For the final festive evening of the eight nights of Elektronukkah, a holiday otherwise known as “Kraftwerk – Retrospective 1 2 3 4 5 6 7 8,” the focus was on 2003’s Tour De France, which had been the band’s first album of new material in 17 years. (Well, sort of new anyway; it includes four different versions of their 1983 “Tour De France” single, memorable for its obscene-phone-call-like exhalations.) While not breaking much new ground, the record was a vast improvement on Techno Pop in terms of adapting and updating Kraftwerk’s sound for the digital age. Occasioned by the hundredth anniversary of the French bicycle race, all the songs on the album are biking themed – “Chrono,” “Aéro Dynamik,” “Elektro Kardiogramm,” etc – which probably explains the matching Team Kraftwerk cycling suits the group wore all week (I sure hope those things are moisture-wicking). Behind the band, there was plenty of black and white vintage Tour footage, though the 3D animation for “Vitamin” featured a slow-motion cascade of Technicolor pills. Insert doping joke of your choice here.
Like the Tour itself, Kraftweek was a marathon, not a sprint. I believe I’ve spent more time in the Donald B. and Catherine C. Marron Atrium than anyone besides Marina Abramović; if they had only given me a cot, I could have camped out in the MoMA lobby and called it a performance art piece. At the very least, I wanted a “I Survived Kraftweek And All I Got Was This Stinky T-Shirt (That I’ve Been Wearing All Week Because I’ve Been Up at the MoMA and Haven’t Been Able to do Laundry)” tee. Instead, my only merch option was $33 Kraftwerk t-shirts, so I passed. Sometimes it seems like Kraftwerk has spent the last 25 years devising ways to repackage their old records instead of writing new music. The Catalogue, 2009’s remastered box set of the eight albums spotlighted this week, was available in a $159.95 limited edition, differing only in box cover color (was white, now black), not contents. The entire length of MoMA’s gift shop window display – what seemed like nearly a quarter of West 53rdStreet – was taken up by stacks of the $50 Kraftwerk: 3D book, made up solely of still images from the animations (it comes with its own pair of 3D glasses, as the concert glasses won’t work with it, and vice versa). Watching the Volkswagen-branded “Autobahn” video each night, I couldn’t help but feel there was a subliminal message in there; it’s probably only a matter of time before I’m waking up at night mumbling “Passat . . . Passat.”
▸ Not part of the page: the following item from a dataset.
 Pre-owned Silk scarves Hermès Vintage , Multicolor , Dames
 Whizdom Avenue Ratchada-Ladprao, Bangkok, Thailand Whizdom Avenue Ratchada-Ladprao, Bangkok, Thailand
It should be noted that the sound in the MoMA atrium was absolutely impeccable, and a momentary halt during last night’s “Autobahn” was the only noticeable technical glitch all week. Befitting Kraftweek’s uber-hot-ticket status, there were a blitzkrieg of celebrity sightings (Fran Drescher, Fred Armisen, Afrika Bambaata, Michael Stipe, Ryuichi Sakamoto, Casey Spooner, Juan Atkins, Jake Gyllenhaal, Dean Winters, Questlove, and Sasha Grey); there were probably more, but cardboard 3D glasses make great paparazzi camouflage. The opposite of celebrity, of course, is anonymity, and that’s precisely what the Kling-Klangworkers who played alongside Ralf Hütter toiled in. There was zero stage banter, aside from a terse farewell from Hütter each night, so as far as the crowd could tell, the rest of the band were simply the Bald One, the Grey One, and the Young One Whose Robot Looks Like Michael Myers from Halloween. (Okay, their names are Henning Schmitz, Fritz Hilpert, and Stefan Pfaffe, but really, how would anyone know?) In 2009, Hütter told me that life in the Kling Klang complex consists of “the 168-hour week,” what he described as “a continuous process of creating ideas all the time.” To be a member of Kraftwerk, apparently, is to be governed by the two lines in Russian from “The Robots”: “Ya tvoi sluga/Ya tvoi rabotnik.” Translation: “I’m your servant/I’m your worker.”
What really distinguished Kraftweek, however, was the outpouring of love, that most human of emotions, directed the robots’ way. Despite the tickets being virtually impossible to acquire, the truly committed never stopped trying. One fan, “Dr. Blankenstein” (real name: Drew Blanke), even built his own “Man-Machine” synthesizer and posted a video to YouTube in hopes of getting into a show and giving it to the band; remarkably, a Volkswagen rep saw the clip and came to his aid, and he was able to get tickets and deliver the synth. Even if, as my colleague Dan Fox observed, “To watch Kraftwerk today is to watch a group whose work is more about the past than the future,” the band’s remarkable power endures. “Music goes far beyond words, you can’t explain it,” Hütter told me in 2009. “It’s just the sounds, they speak for themselves, the music speaks for itself.”
As the show ended, and I departed the MoMA for the final time, the lifesize robots in the lobby were already gone.